--- START ---
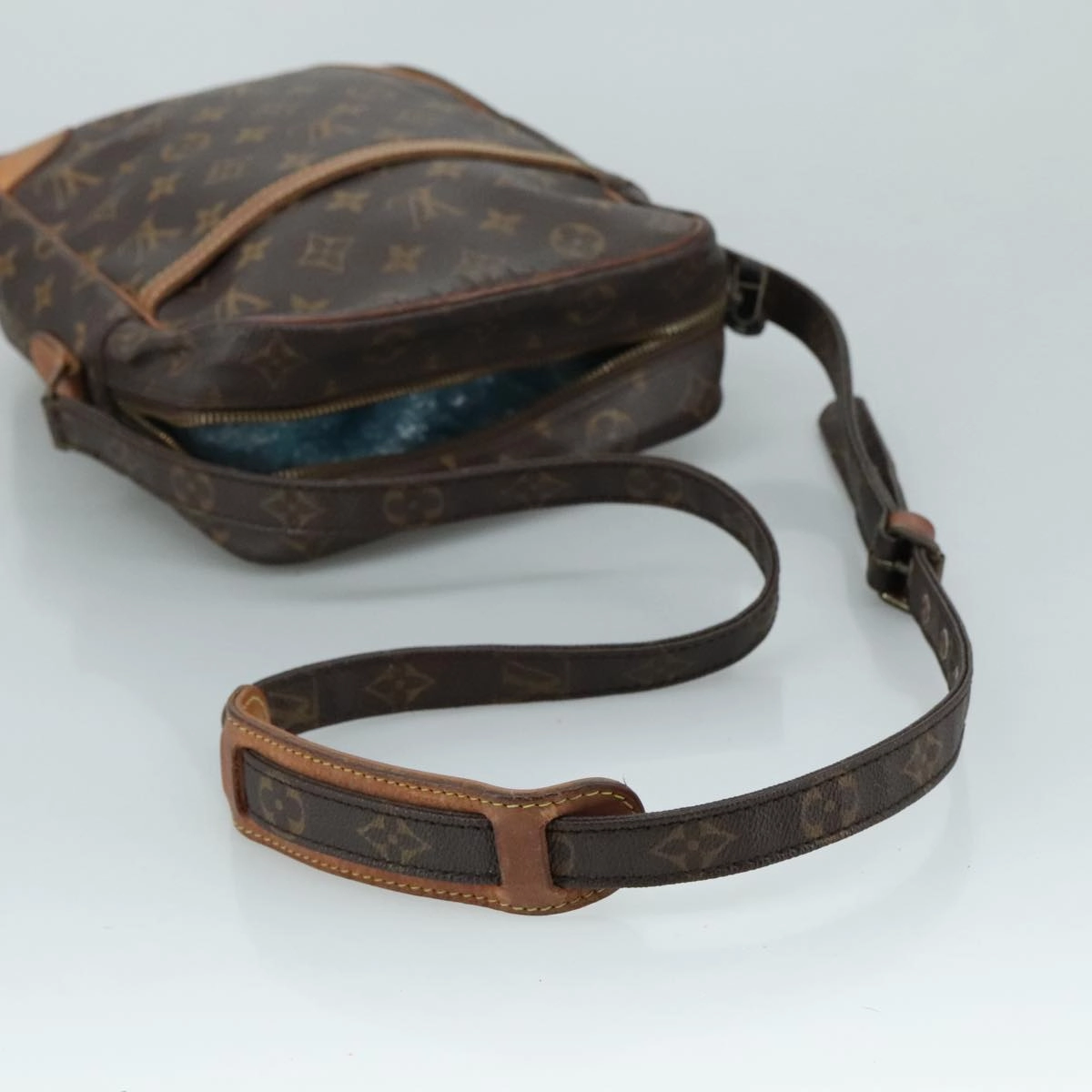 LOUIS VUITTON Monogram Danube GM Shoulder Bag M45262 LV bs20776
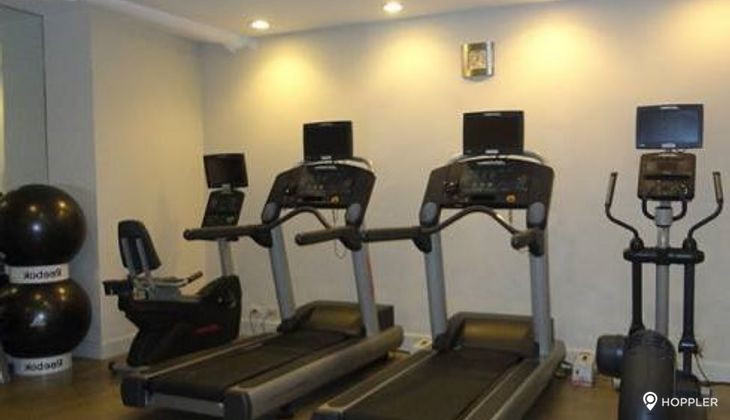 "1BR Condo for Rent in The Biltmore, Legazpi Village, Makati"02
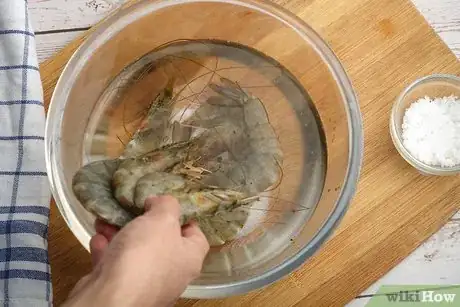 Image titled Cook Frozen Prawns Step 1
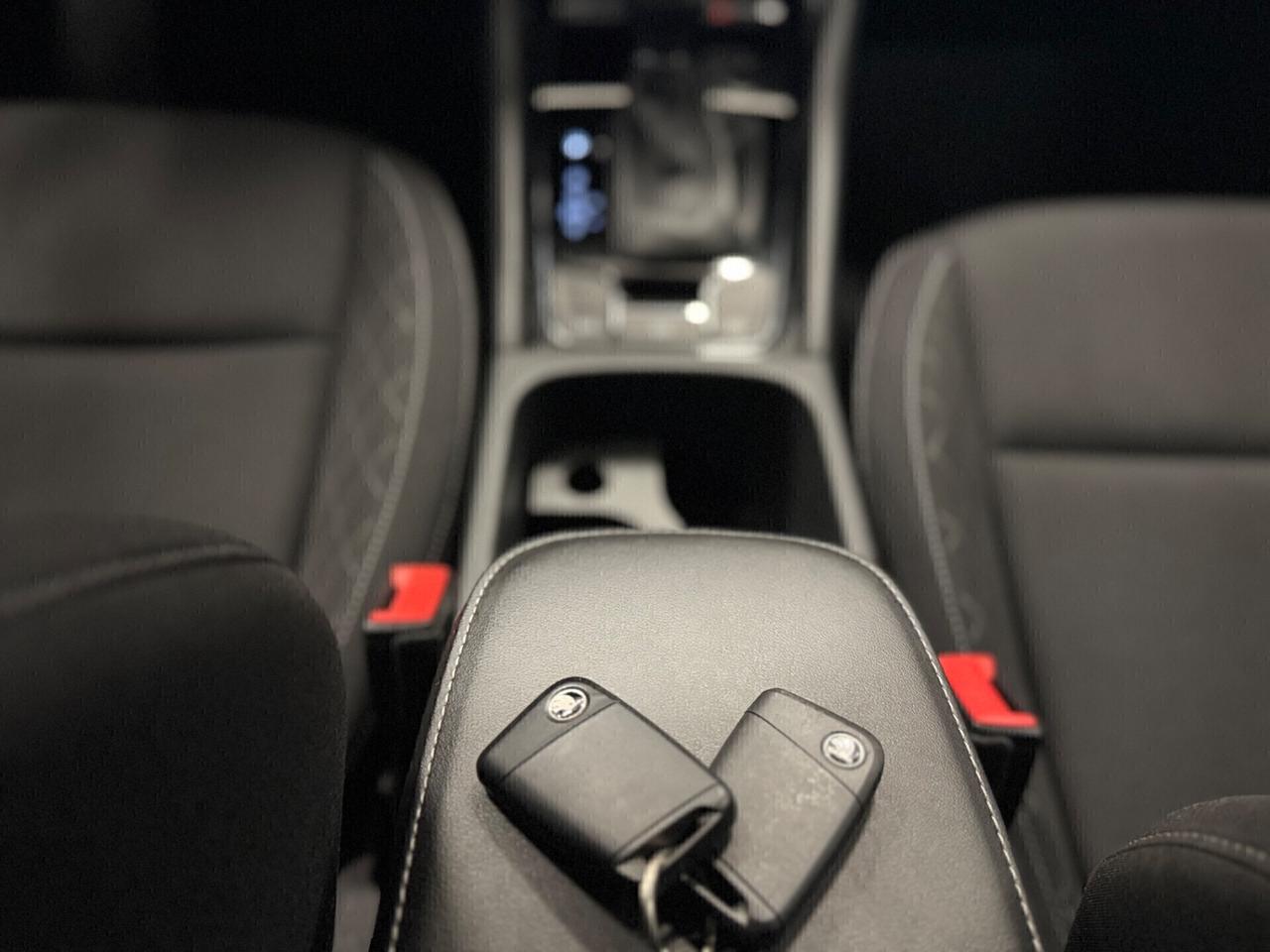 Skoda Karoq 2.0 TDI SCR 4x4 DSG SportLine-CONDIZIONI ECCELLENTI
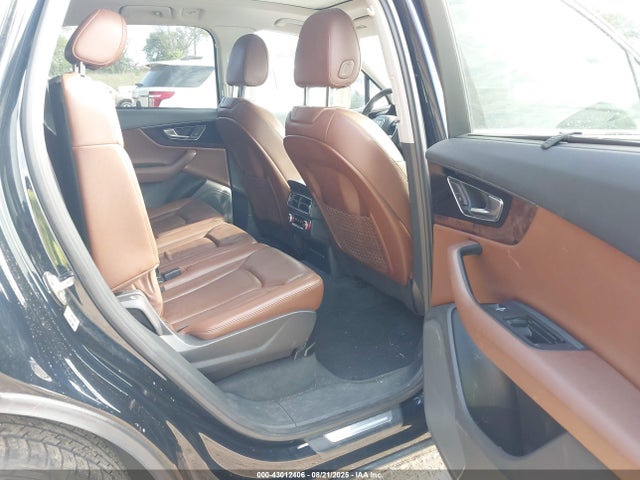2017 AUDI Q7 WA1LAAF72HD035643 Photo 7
--- END ---
- TASK REQUIREMENTS:
Without any pictures, transcribe the listing above exactly as written.

- RESPONSE TO THE TASK:
 LOUIS VUITTON Monogram Danube GM Shoulder Bag M45262 LV bs20776
 "1BR Condo for Rent in The Biltmore, Legazpi Village, Makati"02
 Image titled Cook Frozen Prawns Step 1
 Skoda Karoq 2.0 TDI SCR 4x4 DSG SportLine-CONDIZIONI ECCELLENTI
2017 AUDI Q7 WA1LAAF72HD035643 Photo 7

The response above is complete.